The Ram Rebel TRX is a 4x4 truck designed and produced by the FCA US LLC design studio for the 2016 Texas State Fair, introduced on September 29th of that year as an engineering, design and consumer-interest study.  On June 1, 2018, Mike Manley, then head of Ram and Jeep, announced a production truck based on the TRX will be produced as a 2021 model year according to the five year plan.  On August 17, 2020, the Ram TRX Launch Edition was unveiled for the 2021 model year.

Development history 
The non-production modifications of the concept prototype include 37-inch tires mounted on Mopar 18-inch bead-lock wheels featuring body color matched rings, two full size spare wheels and tires in a bed mount configuration also featuring a lockable unit housing a jack, tow strap, and room for more tools.  Other production departures include a six inch wider track with extended fenders to cover the wider wheel base, giving the truck an hourglass look when viewed from above, LED clearance lights, a tire rack mounted LED light bar, five inch side exhaust integrated into protective rock rails, skid plates, a 6.2-liter supercharged HEMI engine based on the popular Hellcat featured in Dodge Chargers, Challengers, and the Jeep Grand Cherokee Trackhawk, but detuned for the truck application to 575 horsepower mated to a TorqueFlite 8HP70 transmission and a BorgWarner 44-45 transfer case.  The drive train features four modes from which to choose: Normal, Wet/Snow, Off-road and Baja.  The rear axle is a Dynatrac Pro 60 and the vehicle also features an electronic axle locker available in all modes.  The modified suspension is built onto a stock "DS" Series Ram platform 1500 frame.  The link coil based suspension is upgraded with performance springs, 2.5-inch King Racing Shocks and feature a 40% increase in travel to 13" front and rear from the standard 9".
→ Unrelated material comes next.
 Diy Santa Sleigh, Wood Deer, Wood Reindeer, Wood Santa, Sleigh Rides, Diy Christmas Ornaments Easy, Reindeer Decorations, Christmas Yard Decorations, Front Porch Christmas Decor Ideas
The interior also features multiple deviations from the stock Ram Rebel 1500 including suede inserts in the seats, "sport-sanctioned lateral support upper bolsters with embroidered logos", six point harnesses, cloth door pulls, a console shifter, a rotary selector for the various drive modes, an anodized steering wheel with accent stitching, paddle shifters, a tool bag featuring TRX labeling, carbon fiber and red metal inlays, a camera mount near the rearview mirror, and a sport bar to which the six point harnesses mount. The concept also features a non-production shade of "Header Red" that was applied in thirty different coats.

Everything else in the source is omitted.